Not only that, but Bosch’s new smoke detector line includes CO in its atmospheric analysis. According to Bosch, “The FCP-500-C also comes with a carbon monoxide sensor that greatly increases reliability by adjusting the chamber’s sensitivity to accommodate the level of CO, a normal byproduct of combustion.” The CO sensor is also available in traditionalstyle detectors.

Another trend, says Joe Ziemba, product manager, engineered systems with Ansul of Frankfort, Ill., involves the use of a new air sampling smoke detection technology that reportedly detects fire more rapidly than traditional spot-type detection.

“We’re seeing an increase in the sales of photoelectric smoke detection. To fill that segment of the market we sell the VESDA, which is kind of a condensed version of an early smoke detector,” he says. “It’s an early warning smoke detector for smaller environments. It samples the air, drawing it through the unit. It’s capable of detecting very small amounts of smoke.”

Jeff Hendrickson, director of marketing for Silent Knight of Maplegrove, Minn., a Honeywell company, says he also sees a huge increase in the use of addressable fire alarm systems.

“There’s a major motivation in the fire alarm industry to change from conventional panels to addressable. Addressable panels are very easy to install, set up and troubleshoot,” says Hendrickson.

Because each sensor in a fire alarm system using addressability has its own point address in the system, when anything at all happens and information is forwarded to the alarm control panel, the fire alarm technician will know right away which sensor sent it.

“I believe addressable systems will become the status quo someday,” says Hendrickson. “There may always be conventional panels out there, but they will be in the minority. It’s only a matter of time until the price point is such that people want addressable instead of conventional.”

Internet Monitoring in Life-Safety Applications Is on the Rise

Nick Martello, director of marketing with FireLite Alarms of Northford, Conn., a division of Honeywell Fire Systems, says Internet-based monitoring is a growing aspect of fire/life safety systems.

“There is a definite trend toward replacement of the dialer with the IP interface. This was started with the move to video verification. Many central stations have already installed receivers capable of monitoring realtime video over IP. Now, more and more companies are moving toward this type of communication for security and life safety monitoring,” says Martello.
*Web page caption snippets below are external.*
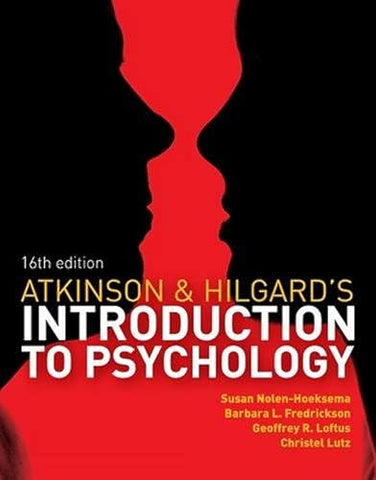 Atkinson and Hilgard's Introduction to Psychology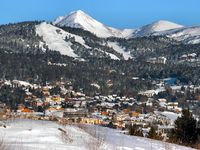 Skigebiet Font-Romeu, Frankreich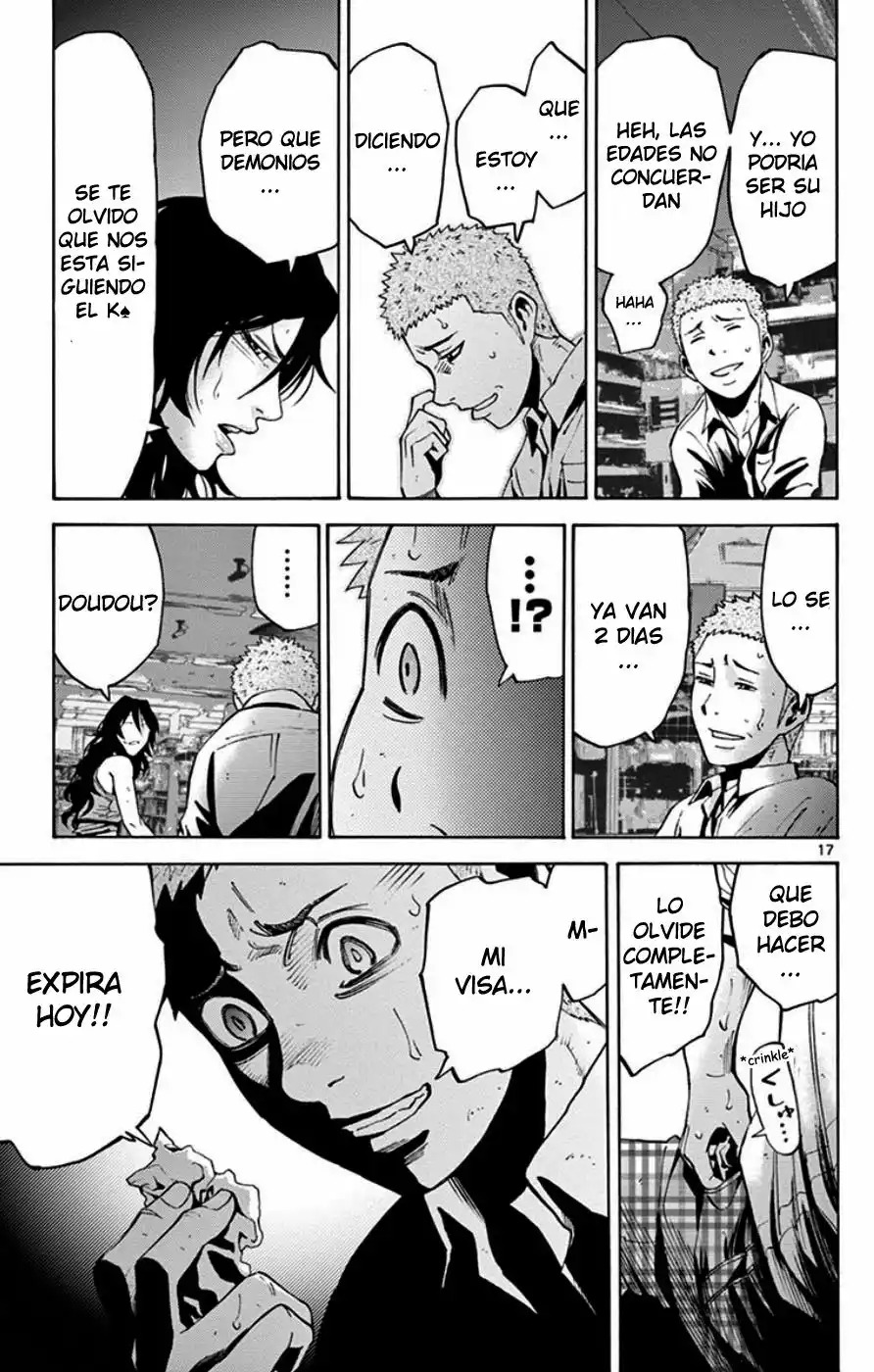 Read Alice in Borderland Es Manga Online
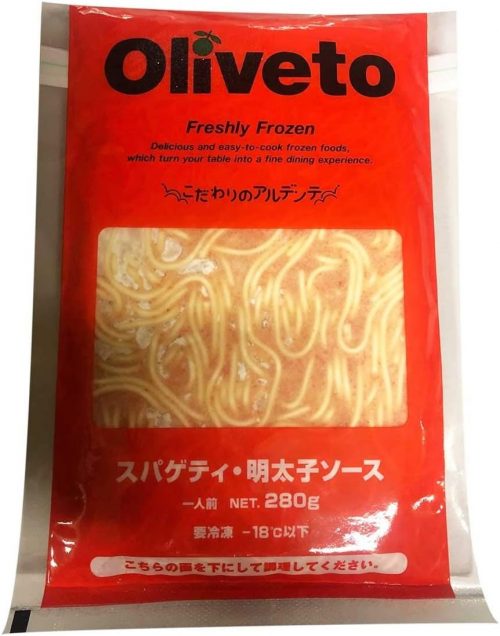 ヤヨイサンフーズ Oliveto スパゲティ 明太子ソースR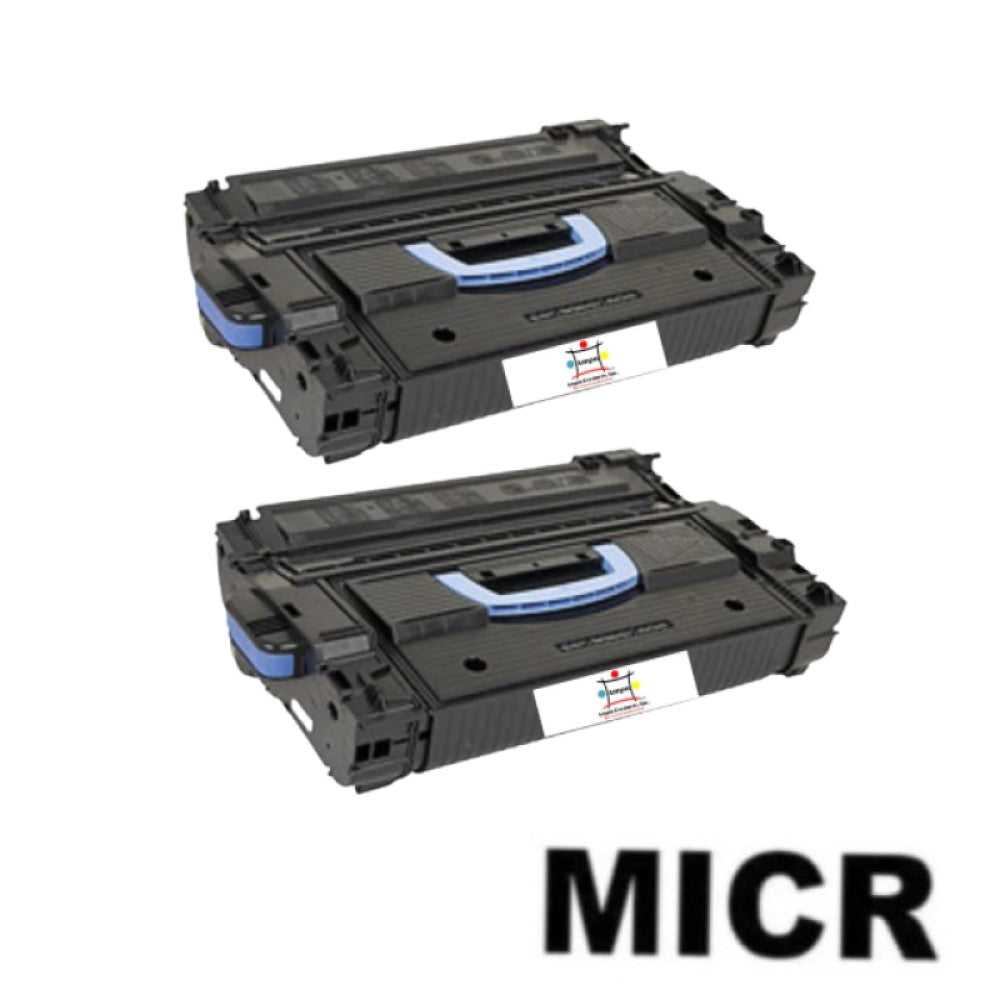 Ampuproducts Compatible Toner Cartridge Replacement for HP CF325X (25X) High Yield (34.5K YLD) 2-Pack (W/Micr)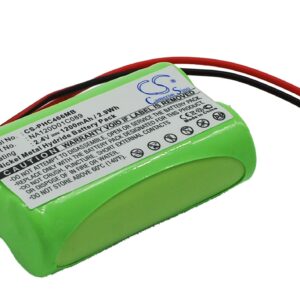 1200 mAh for Philips 310412893522,NA120D01C089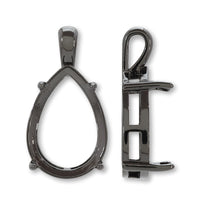 バチカン付石座 シズク #4320用 ブラック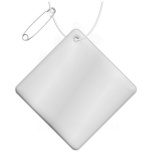 RFX™ H-09 diamond reflective PVC hanger small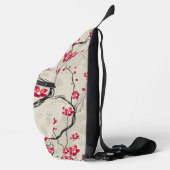 Sac À Bandoulière Style oriental Sakura Cherry Blossom Art (Droite)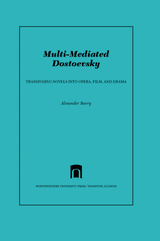 front cover of Multi-Mediated Dostoevsky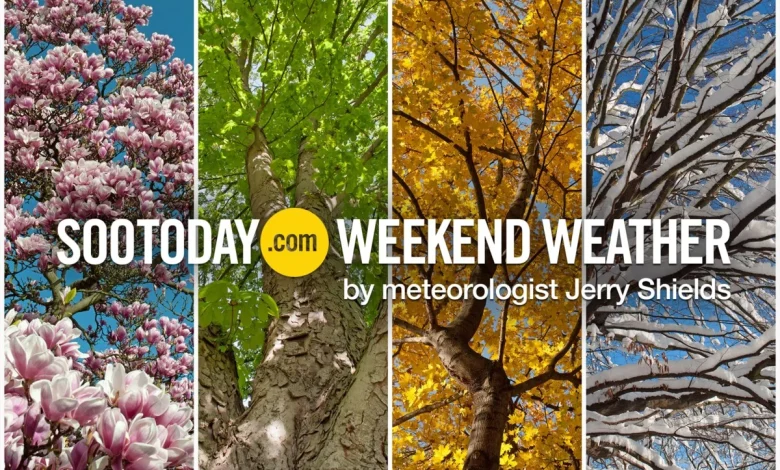 Weekend Outlook: A brief break before winter returns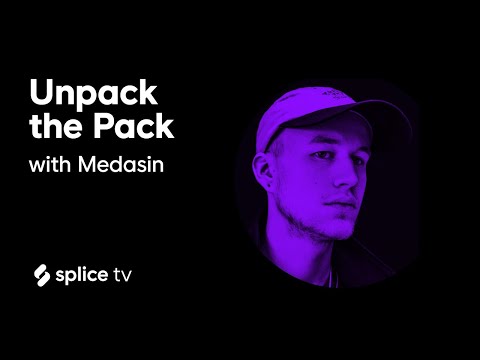 Medasin makes a beat with his new pack (SpliceTV)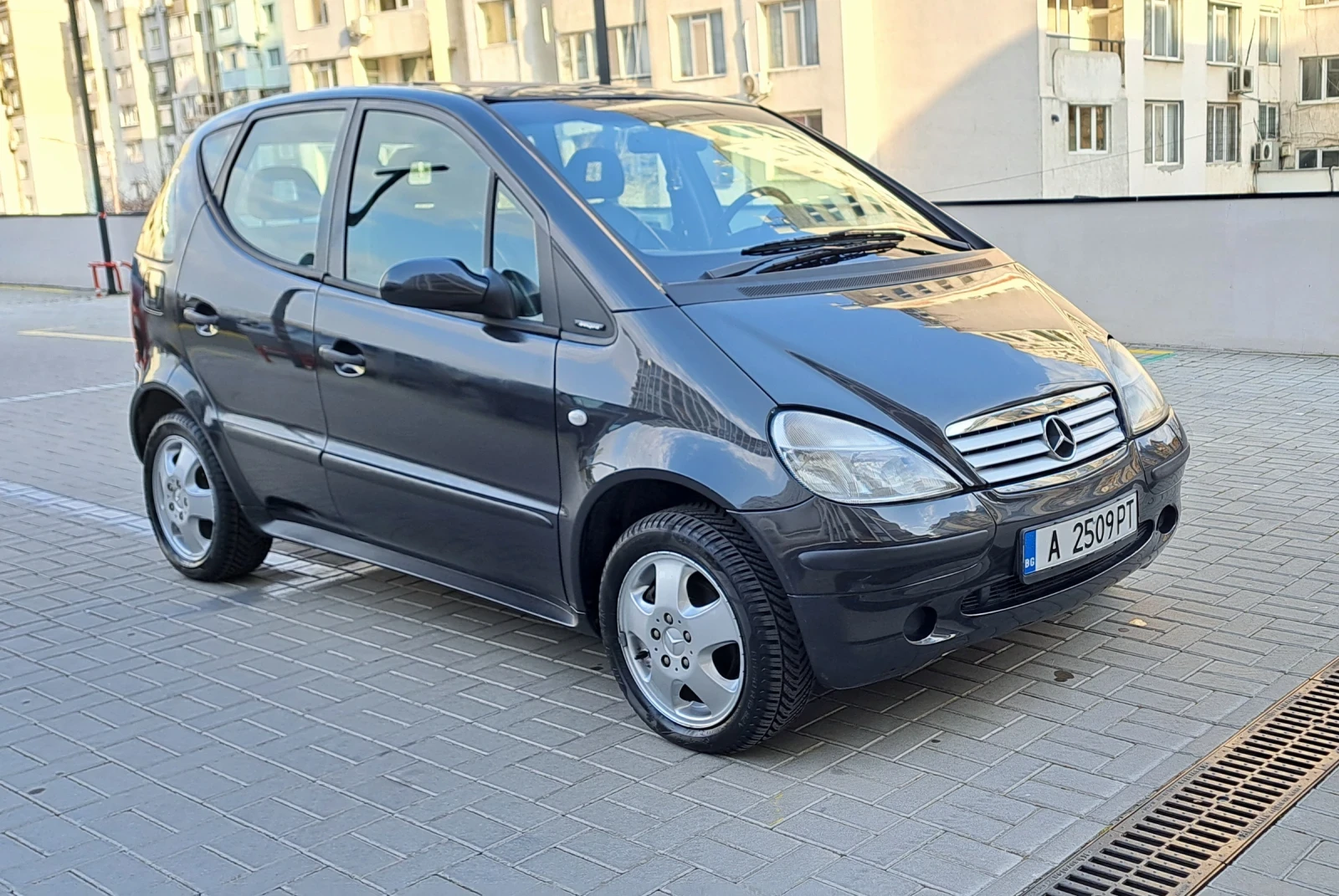 Mercedes-Benz A 160 AVANGARD, снимка 5 - Автомобили и джипове - 53868422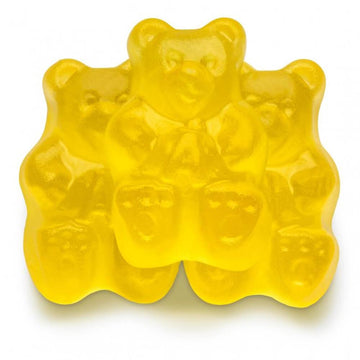 Albanese Banana Gummy Bears: 5LB Bag - Candy Warehouse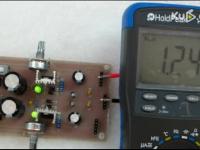 LM717  LM337可调电源 可调电源设计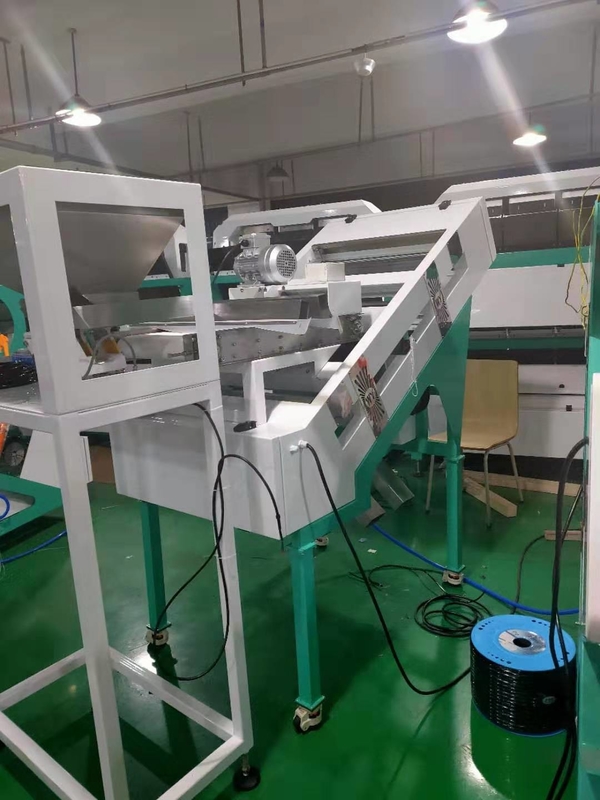 Rood Jujube Kleursorteermachine Automatische Kleursorteerder Voor Noten Bonen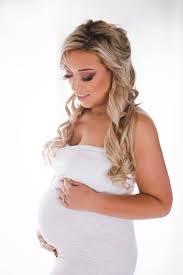 my glam maternity session the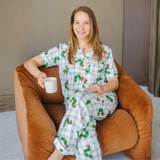 Damen-Pyjamaset Die kleine Raupe Nimmersatt™ Kariert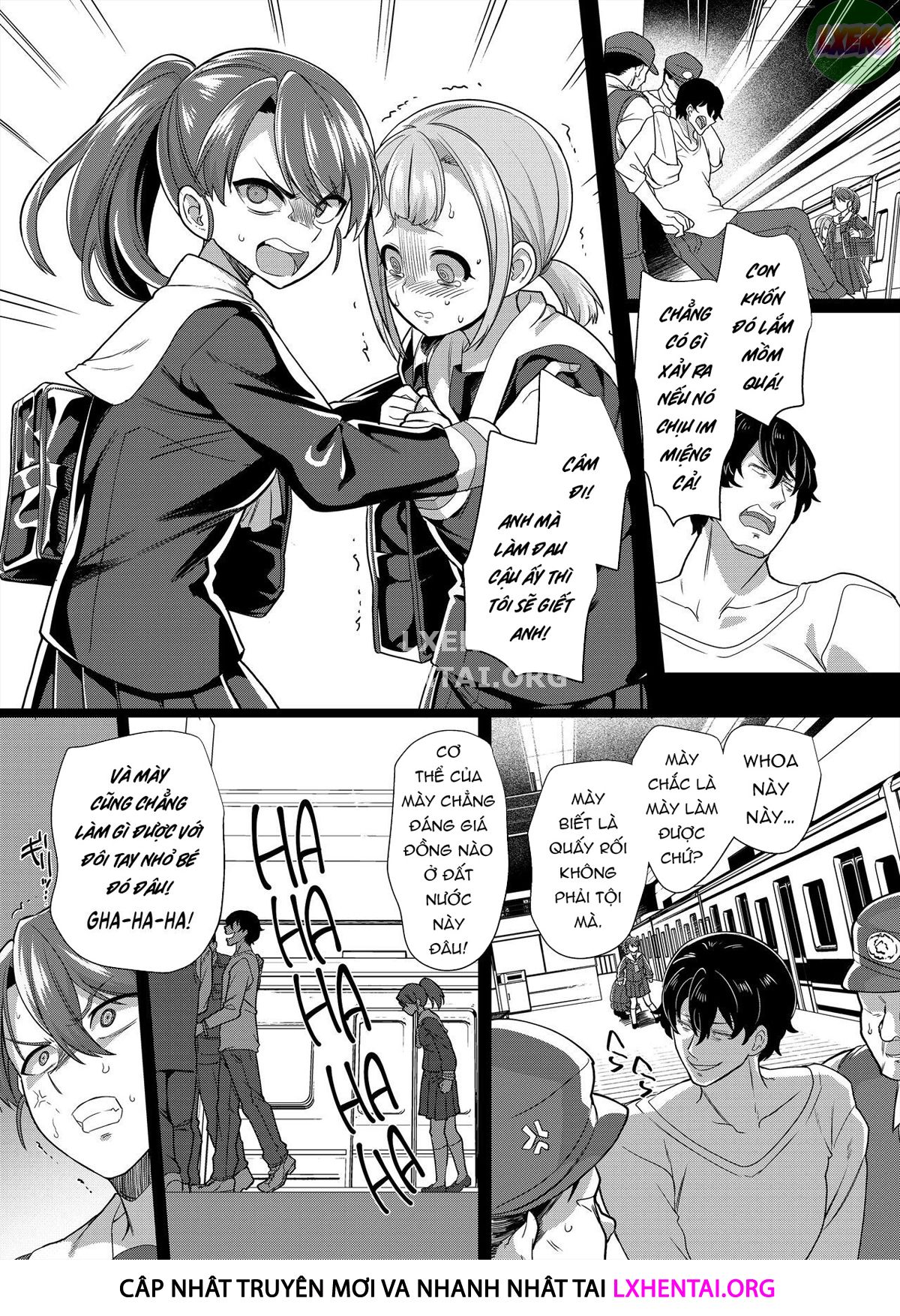 Fukushuu Senyou Sharyou Revenge Train - Oneshot trang 10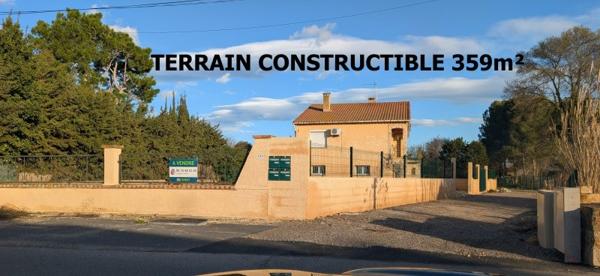 Vente / Terrain constructible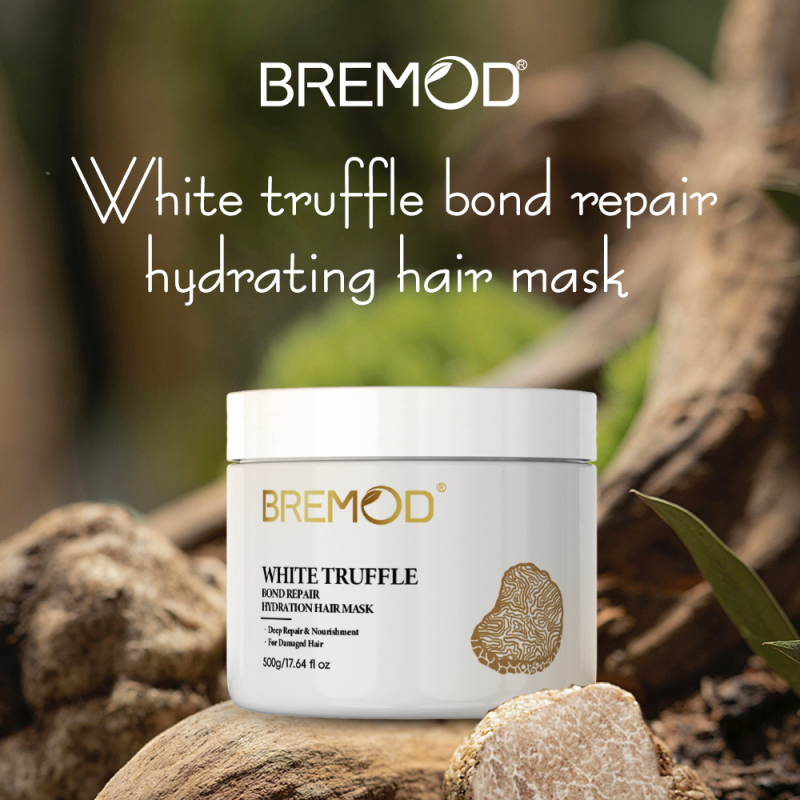 Factory Customization White Truffle Extract Coconut Oil Customer Professional Salon Cosmetic Products Keratin Hair Care Mask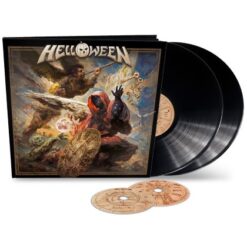 Helloween "Helloween" 2LP+2CD artbook
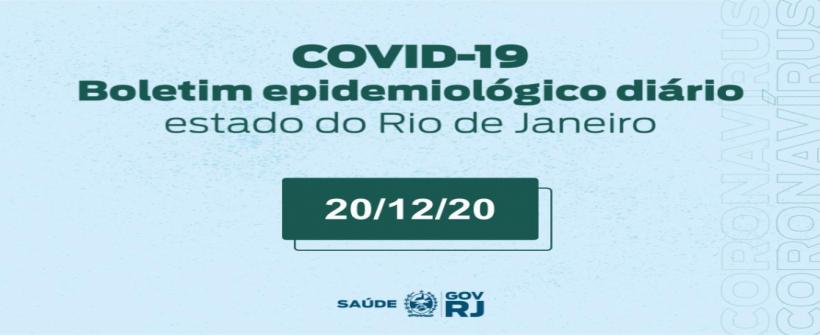 Boletim Coronavírus (20/12)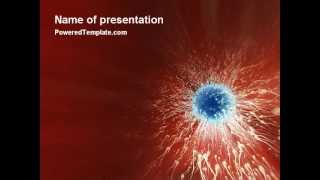 Conception PowerPoint Template by PoweredTemplate.com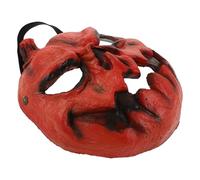 SOIMISS Masque Citrouille Réaliste pour Halloween et Jeu de Rôle Accessoire Costume Polyvalent pour Adultes et Garçon Fille Décoration Effrayante pour Fêtes et Carnavals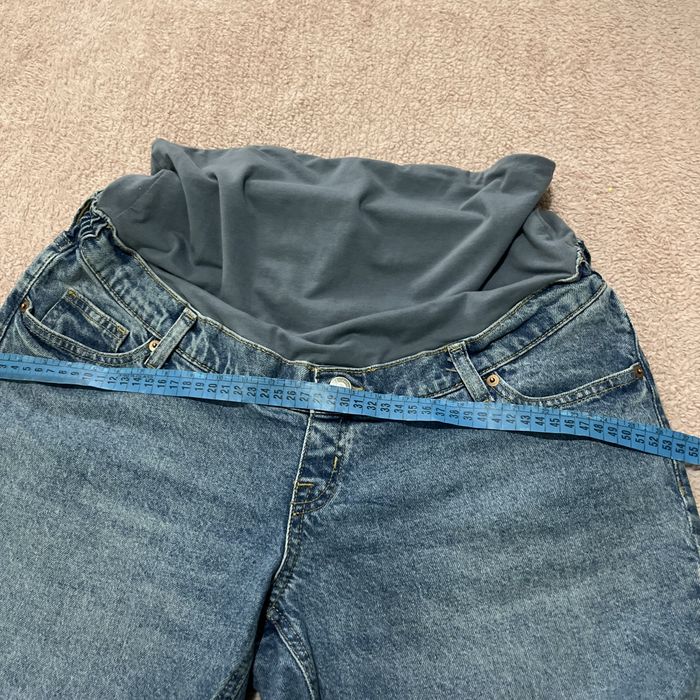 Джинсы мом для беременных размер М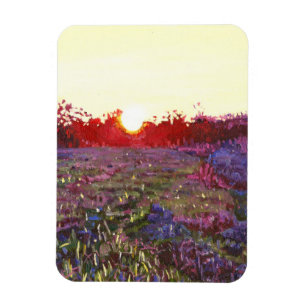 Farley sunset 2012 magnet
According to Martello, the benefits associated with Internet monitoring include the elimination of high-cost phone line/service (in some locales); more frequent supervision of panels than the previous 24-hour test signal (with supervision pinging set as low as 90 seconds); and the elimination of the voice over Internet protocol (VoIP) problem with dialers going away (phone line remains as a back-up, but charges only accrue if and when the primary line fails).

“Internet monitoring is already finding huge acceptance in Canada since ULC adopted a concept called ‘dual media.’ You need to have either a cell phone and IP, standard dial-up and IP, or whatever [other media you can think of], as long as there are two different media choices,” says Martello. “Canada had offered supervised phone lines via the telephone company. Called DIVAX, the cost to users was upwards of $60 a month. Going to IP has saved users a lot of money.”

He adds that one drawback to Internet monitoring is that you will probably want to keep at least one of your pho
ne lines. “This is because the Internet does not have battery backup like the phone lines do.”